Semantic Segmentation
Segmentation is a continuation of object detection, and is split into two types:
- Semantic segmentation says what type of object is at each pixel on the screen.
- Instance segmentation shows where specifically is each instance of each class in the image.
Segmentation is useful because we can identify which components/pixels go together. To approach segmentation, we can simply create connected “segments” by grouping pixels based on similarity criteria, such as intensity, color, texture, edge strength, etc.
An extremely inefficient deep learning method is to use sliding windows to classify the center pixel of each window. A better way is to use convolutions end-to-end to compute all features at once. This approach is size-agnostic of the input (the convolutions do not change the dimensions of the output, maybe through padding). However, this can be extremely slow on high resolution images.

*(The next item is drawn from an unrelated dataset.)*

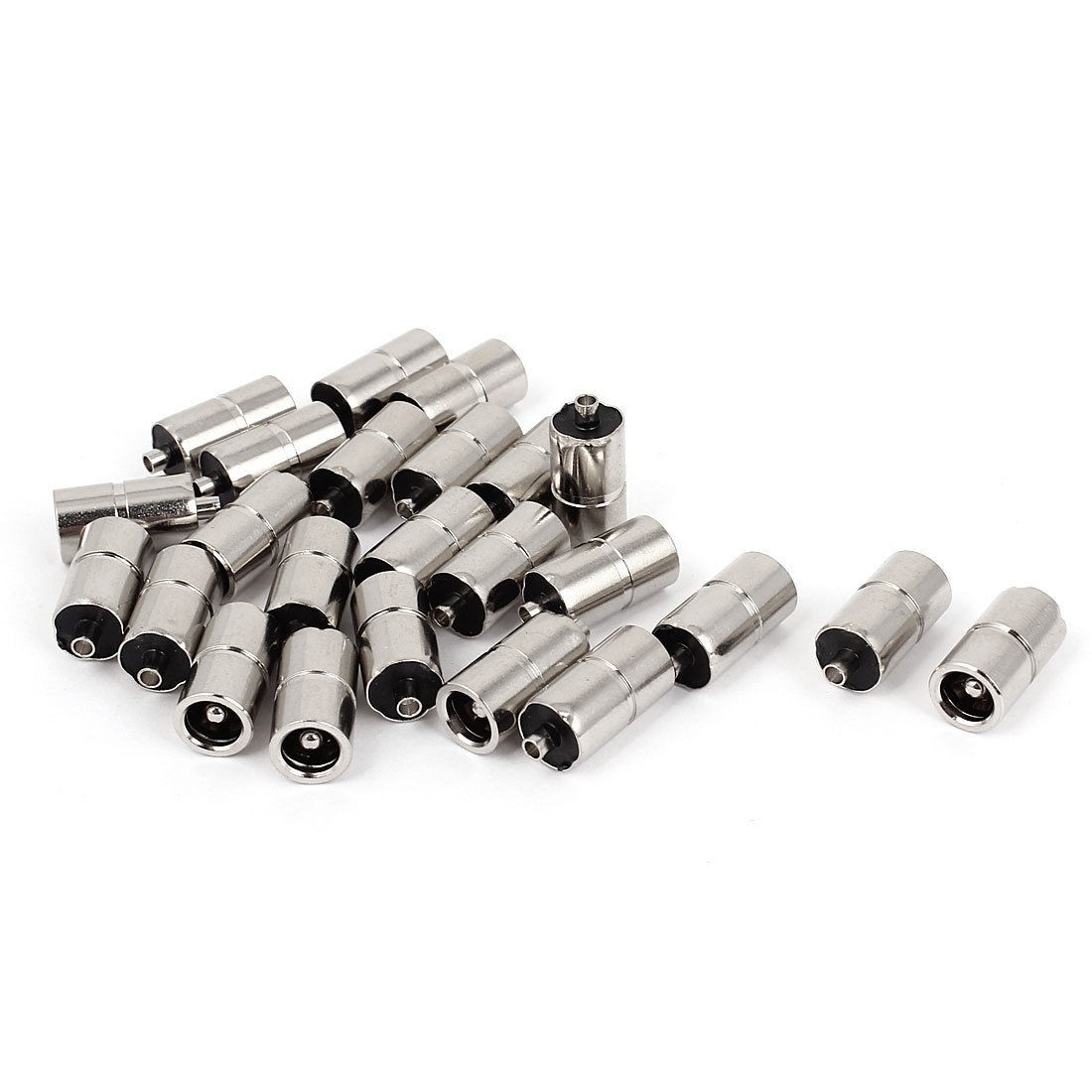 24pcs Soldering 5 5x2 5mm DC Power Female Plug Jack Socket Adapter Connector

We can fix this using Fully Convolutional Nets (FCNs) to downsample the image by increasing the stride of the convolutions, then upsampling at the end to predict for the whole image.

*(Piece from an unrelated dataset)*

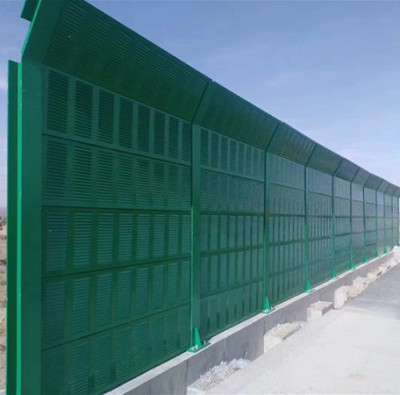 重庆道路声屏障 隔音降噪声屏障 隔音屏障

One classical approach to upsampling the image at the end is Bilinear Interpolation: filling in new space between pixels linearly. However, we can upsample using a learned algorithm with deconvolutions: we pass the filter over the output (original) using the values of the input (smaller one). These improvements result in UNet, which also utilizes skip connections. This allows outputs from earlier layers to feed directly as input into later layers. To expand to instance segmentation, we can reuse faster R-CNN to propose potential segments, and add object mask prediction to learn object masks.
Summary: Segmentation is like object detection but it also identifies the pixels of each object identified. There are two types: semantic just identifies what class each pixel is, whereas instance shows the location of each instance of the object classified. This can be done through end-to-end convolutions to detect features and learn object masks, and can be more efficient by downsampling throughout the convolutions then upsampling at the end.